2. Barista – you make all the drinks and take orders
3. Coffee Grinder and Frappacinos – You grind coffee for people looking for bags of coffee and handle any mixed drinks. You also clean the lobby, wipe down tables, refill milk/crème containers, and take care of any spills.
Pros
I actually really liked this job. If you are a people person and you like coffee this is a very cool job to have. For the most part talking with your customers and getting to know them is encouraged so you actually can develop friendships. I also got to know my co-workers really well and they were all pretty young, I would say in the age range of 18-27ish mostly. Most of my co-workers worked at Starbucks as a barista during the day but used it to pay the bills while they pursued art, school, or music. This made work conversation much more interesting.
You get to drink as much coffee as you want and can experiment with drinks for free. You also get a free 1lb of coffee every week for yourself.
I learned to make every single type of espresso coffee drink that Starbucks offers, and will never forget my way around an espresso bar. You will always carry this knowledge with you and when you host coffee at your place making a latte, mocha, or Carmel macchiato won’t phase you.
There is a stock employee purchase plan.
Lastly, if you are somewhat shy then this job is a perfect job to develop an outgoing personality. You are kind of forced to talk to people every morning and during the day so talking to strangers will become second nature.
Cons
Waking up at 3:30am in the morning to be at work for a 4am opening. People really do get coffee that early and you are expected to be there half an hour early. Usually at Starbucks they allow you to choose between a closing shift or an opening shift. Opening sucks because you have to wake up early, closing sucks because you have to clean all that grime, coffee grounds, espresso bar, etc. When closing you can often stay an hour past the closing time.

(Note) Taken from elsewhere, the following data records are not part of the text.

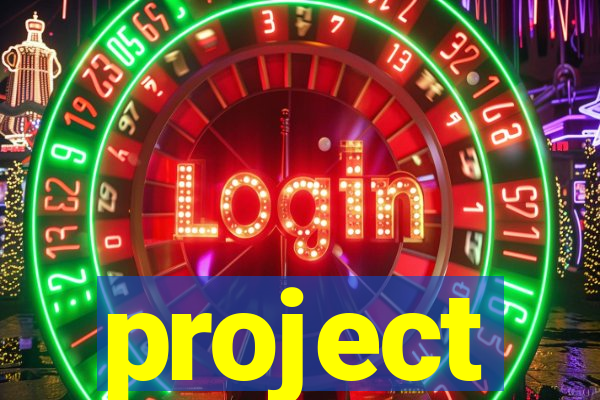 project-9fgame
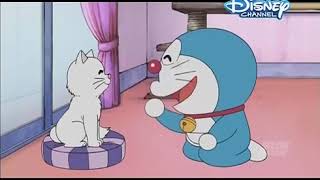 Doraemon In Telugu New Episode Doraemon Love Special Episode 360 X 490 [upl. by Aicertap]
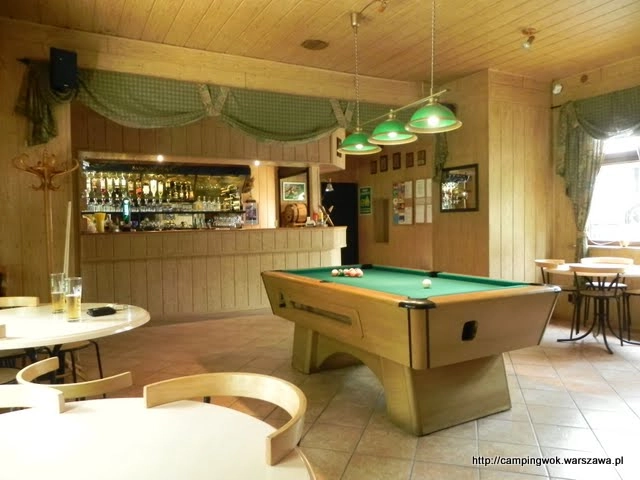 Galeria - zdjęcie 2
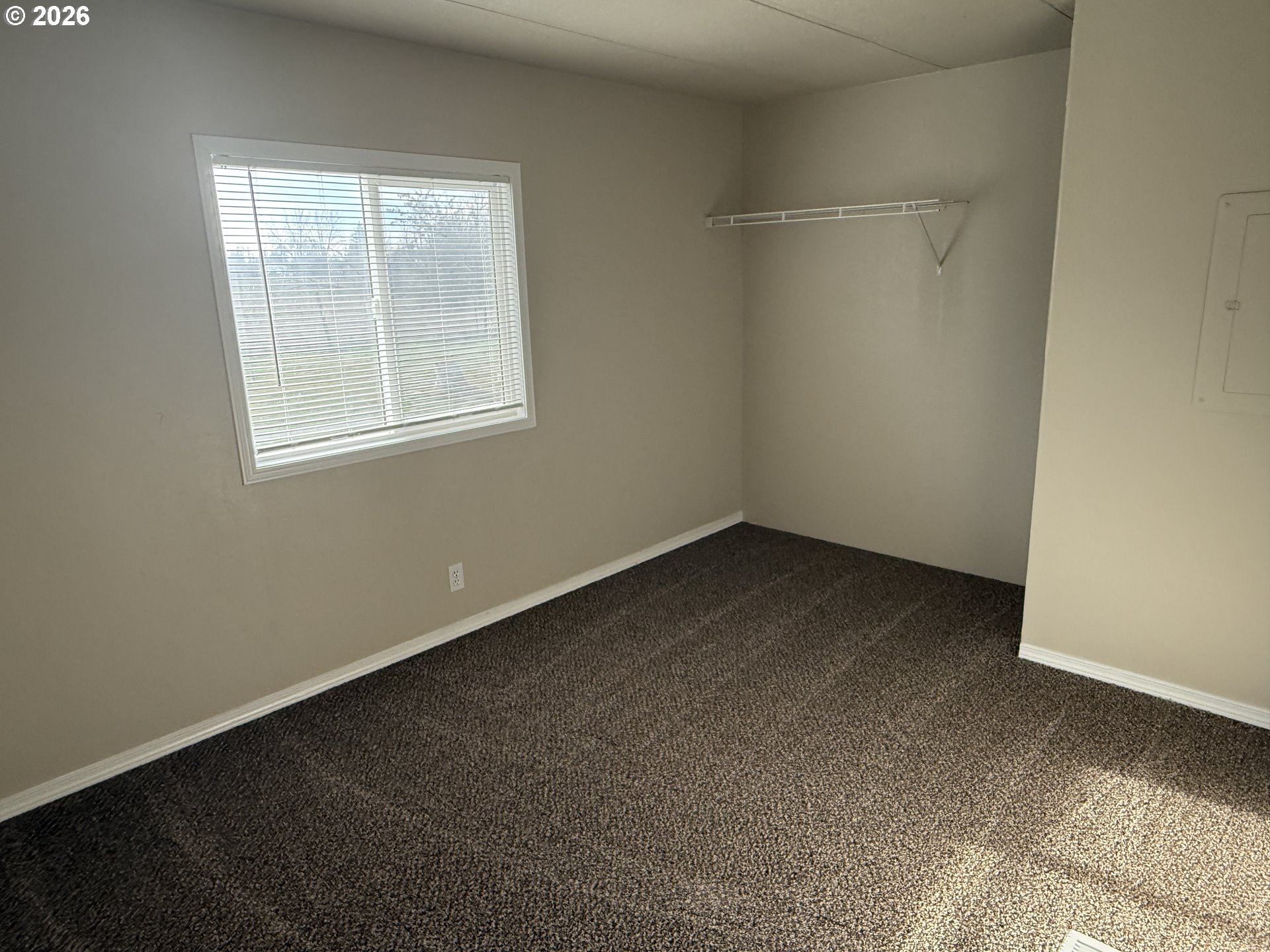 80718 Craig Road Hermiston, OR 97838 - Photo 13 of 14 Bedroom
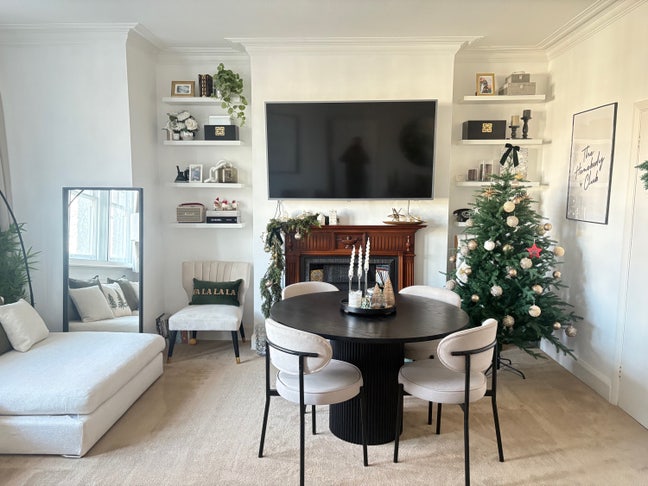 Beautiful large double bedroom for rent  Main Photo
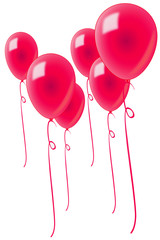 rote-ballons-freigestellt-highres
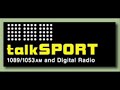 Talksport listeners clips choice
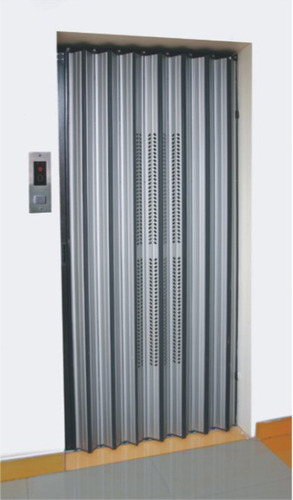 manual-imperforated-door-500x500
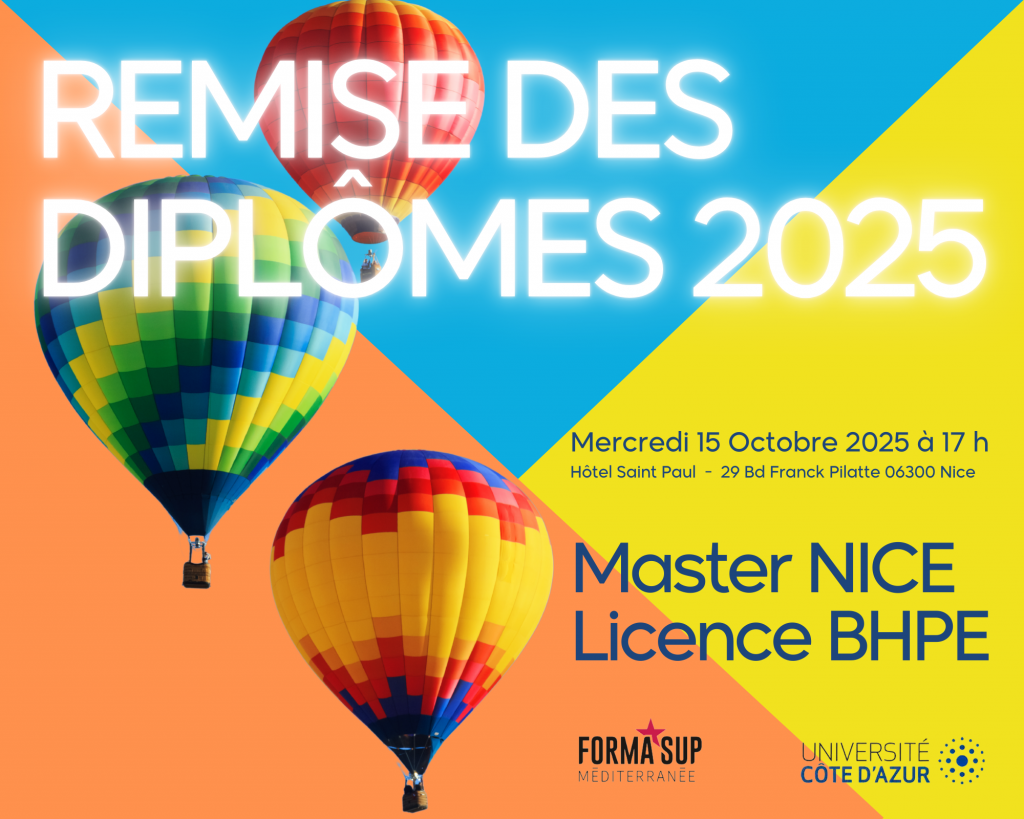 REMISE DIPLOME ET PERF 2025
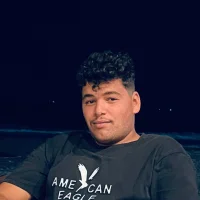 Homodx534's Avatar Pic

This is the food and customer service industry so customers can often be rude, angry, and just plain mean. You have to learn to not take things personal. They could complain that the drink you just made them tastes awful and personally insult your competence. You just got to get over it and assume they are just having a bad day. If you are ultra sensitive then, you’ll have to get used to this. People are often cranky before their morning coffee and if they feel that it doesn’t taste right you, as the barista, can take the brunt of their anger.